- **Action item**:
Go to the line with "Giro Hoxton Mips helm mat krijt" in the entries below and write out every line from there through the line with "33 E Cedar St", exactly and without pictures.

- **Information supplied**:
%%
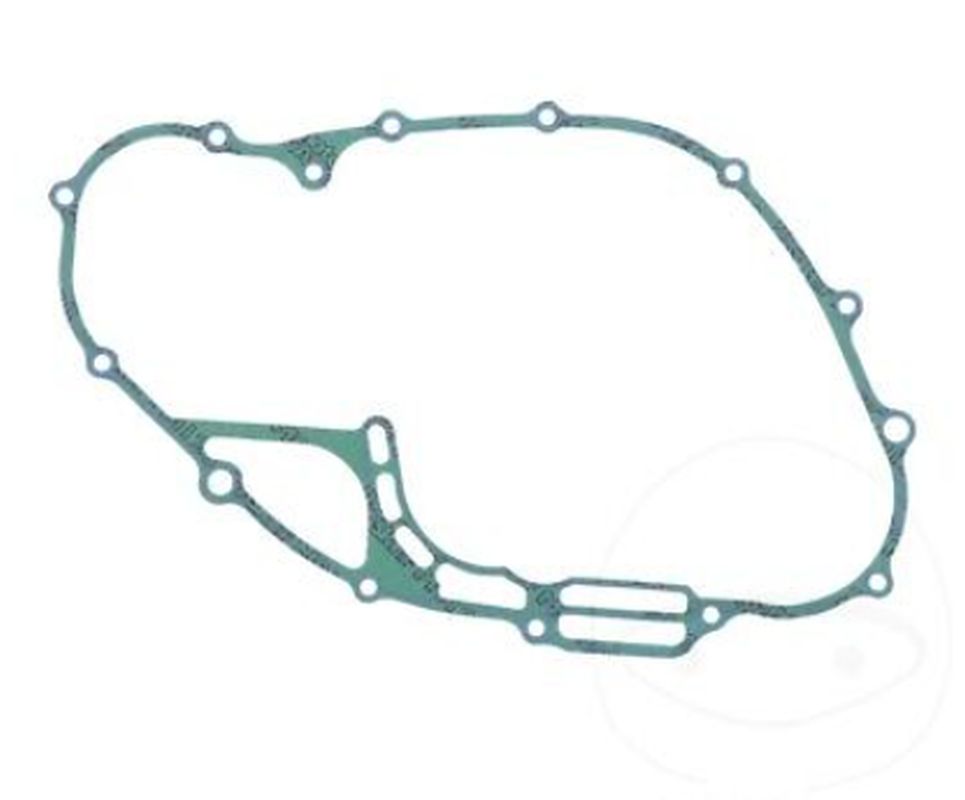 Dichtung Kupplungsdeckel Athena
%%
%%
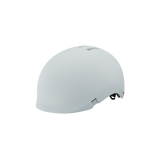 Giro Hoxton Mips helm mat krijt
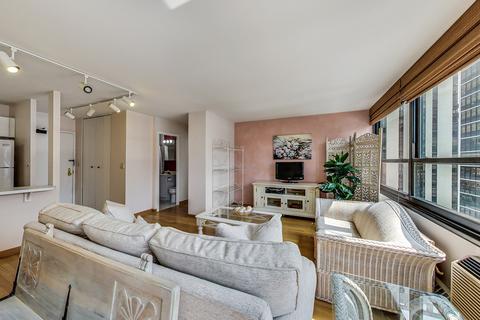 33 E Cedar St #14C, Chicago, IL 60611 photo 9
%%
- **Response**:
 Giro Hoxton Mips helm mat krijt
 33 E Cedar St #14C, Chicago, IL 60611 photo 9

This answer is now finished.